Je vins rendre les derniers devoirs à ma pauvre sœur qui fut enterrée dans le cimetière de Nice. C'était une charmante jeune femme, très bonne, d'un caractère vif et gai, très intelligente, très active, toute entière à ses devoirs d'épouse et de mère. Ses trois couches, très laborieuses, avaient contribué à ébranler sa santé. Elle formait avec son mari un couple très uni et elle ne cessait de me répéter qu'elle avait toujours été parfaitement heureuse dans son intérieur. Elle avait très bien su diriger l'éducation de ses jeunes enfants qui, jusqu'ici, ont très bien réussi. Thérèse, élevée au Couvent de la Visitation de la Côte St. André (Isère) était très religieuse et d'une piété très éclairée. C'était, en résumé, une belle âme, enlevée trop tôt à la terre et qui mérite l'éternelle récompense.

 
Mme. Théo Lacuire, née Thérèse Etienne

Au mois de juillet, Maurice passa dans de bonnes conditions ses examens de sortie de l’École des Sciences Politiques, examens longs, difficiles et entourés d'une certaine solennité. Il avait à lutter contre des concurrents sérieux, la plupart sensiblement plus âgés, plusieurs déjà Docteurs en Droit. Il fut classé 17ème sur 150 candidats, avec de très bonnes notes, et obtint naturellement le diplôme.

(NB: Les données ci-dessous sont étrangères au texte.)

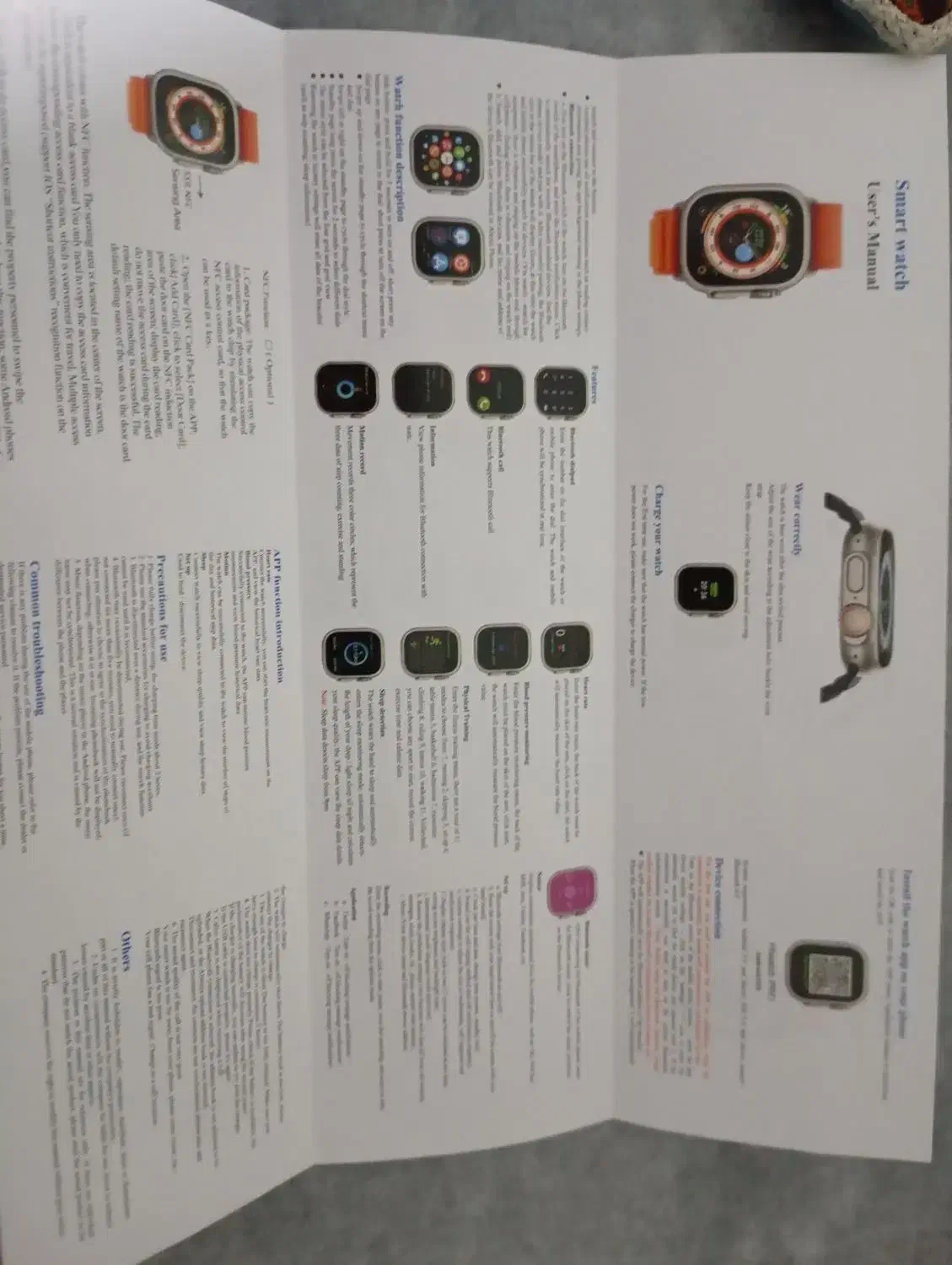 ساعت هوشمند مدل T900 Ultra|ساعت|اردبیل, |دیوار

Il devait passer, huit jours après, ses examens pour la Licence en Droit, mais par suite de surmenage il dut s'aliter et remettre cet examen à la période de service militaire qu'il devait inaugurer au mois de novembre suivant.

Les vacances étaient arrivées et, à la demande de nos enfants, nous allâmes pour deux mois à la Communauté Ste. Anne, à Trégastel, comme en 1907. Il y avait une quantité considérable de jeunes gens et de jeunes filles, d'âges correspondant à ceux de nos enfants. 

Trégastel : 1 - Maurice 2 - Simone 3 - Magdeleine


Les vacances furent très animées. Bains, tennis, excursions en barque, à pied ou autocar, jusqu'à Morlaix, Île Bréhat ou Châteaux Bretons, ce fut une série ininterrompue de distractions. Parmi les amis de Maurice, se trouvait Marco de Gastyne, premier grand prix de Rome de 1911 pour la section de peinture. Mon fils ayant été proclamé champion de tennis de Trégastel (Hommes), Marco, en guise de prix, fit de lui une esquisse que nous conservons religieusement encadrée dans notre salon. Quant à Magdeleine, elle fut déclarée champion dans la section Dames.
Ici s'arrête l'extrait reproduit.